Doch jetzt fragt ihr euch sicher, was sind die „Green-Chefs“?

Green-Chefs wurden 2013 ins Leben gerufen und sind eine Gemeinschaft besonders fairer und verantwortungsvoller Gastronomen. Hier wurde Thomas Egger zum Partner ernannt und erhält damit die Auszeichnung, ein besonders nachhaltiger Betrieb zu sein. Vor zwanzig Jahren entschied Thomas mit seiner Frau, eine gebürtige Portugiesin, von Österreich nach Portugal auszuwandern und das Restaurant Tabua D’ aco zu eröffnen. Die innovativen Ideen und die daraus entstandenen Firmen sind sehr außergewöhnlich und wir dachten uns, dies ist interessant für Neugründer und auch für Bewährte, die eine Inspiration benötigen: Denn der Weg ist häufig nicht einfach, jedoch total spannend.

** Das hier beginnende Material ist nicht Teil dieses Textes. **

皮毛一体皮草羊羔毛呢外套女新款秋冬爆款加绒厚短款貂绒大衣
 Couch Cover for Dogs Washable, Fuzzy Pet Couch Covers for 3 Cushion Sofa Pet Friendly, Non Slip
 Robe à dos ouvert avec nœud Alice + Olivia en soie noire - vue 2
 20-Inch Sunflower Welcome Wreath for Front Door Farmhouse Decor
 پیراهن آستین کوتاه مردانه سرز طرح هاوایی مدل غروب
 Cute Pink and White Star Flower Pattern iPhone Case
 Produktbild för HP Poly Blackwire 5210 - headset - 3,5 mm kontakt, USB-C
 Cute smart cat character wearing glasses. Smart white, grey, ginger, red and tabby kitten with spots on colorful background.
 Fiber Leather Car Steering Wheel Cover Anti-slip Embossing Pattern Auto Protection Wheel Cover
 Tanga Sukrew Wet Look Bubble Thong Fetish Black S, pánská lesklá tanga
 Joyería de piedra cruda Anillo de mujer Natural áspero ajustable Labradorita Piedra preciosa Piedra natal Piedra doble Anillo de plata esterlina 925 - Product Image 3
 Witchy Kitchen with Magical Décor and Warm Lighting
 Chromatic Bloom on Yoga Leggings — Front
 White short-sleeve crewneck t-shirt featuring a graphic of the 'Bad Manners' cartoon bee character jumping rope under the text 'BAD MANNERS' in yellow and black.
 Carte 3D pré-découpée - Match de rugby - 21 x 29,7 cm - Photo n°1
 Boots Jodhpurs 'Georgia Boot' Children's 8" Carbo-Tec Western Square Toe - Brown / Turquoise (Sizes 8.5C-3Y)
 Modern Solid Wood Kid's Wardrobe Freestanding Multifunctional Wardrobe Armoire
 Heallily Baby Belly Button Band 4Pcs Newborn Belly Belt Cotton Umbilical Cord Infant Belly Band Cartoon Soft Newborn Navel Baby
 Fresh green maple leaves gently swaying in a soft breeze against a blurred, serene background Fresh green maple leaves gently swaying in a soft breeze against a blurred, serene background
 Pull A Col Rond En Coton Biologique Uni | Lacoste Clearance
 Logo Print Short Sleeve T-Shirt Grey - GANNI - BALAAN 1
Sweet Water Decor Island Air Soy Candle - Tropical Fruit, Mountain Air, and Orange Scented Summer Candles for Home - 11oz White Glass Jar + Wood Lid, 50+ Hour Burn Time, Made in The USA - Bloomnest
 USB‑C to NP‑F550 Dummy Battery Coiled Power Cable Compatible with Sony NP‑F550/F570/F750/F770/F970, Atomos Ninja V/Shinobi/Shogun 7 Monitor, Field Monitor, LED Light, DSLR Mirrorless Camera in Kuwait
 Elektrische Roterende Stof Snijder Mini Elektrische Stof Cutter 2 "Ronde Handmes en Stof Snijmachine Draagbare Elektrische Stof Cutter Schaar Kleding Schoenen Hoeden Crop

Hallo Thomas, zuerst einmal vielen Dank, dass Du dir die Zeit nimmst und uns heute von der beeindruckenden Firmengeschichte erzählen.

Sehr gerne, es freut mich euch zu begrüßen und bin auf die Fragen gespannt.

Perfekt, dann steigen wir sofort in unser heutiges Thema ein. Wir haben uns dazu ein paar Fragen herausgesucht, die eine gute Übersicht für alle interessierten Neugründer bieten.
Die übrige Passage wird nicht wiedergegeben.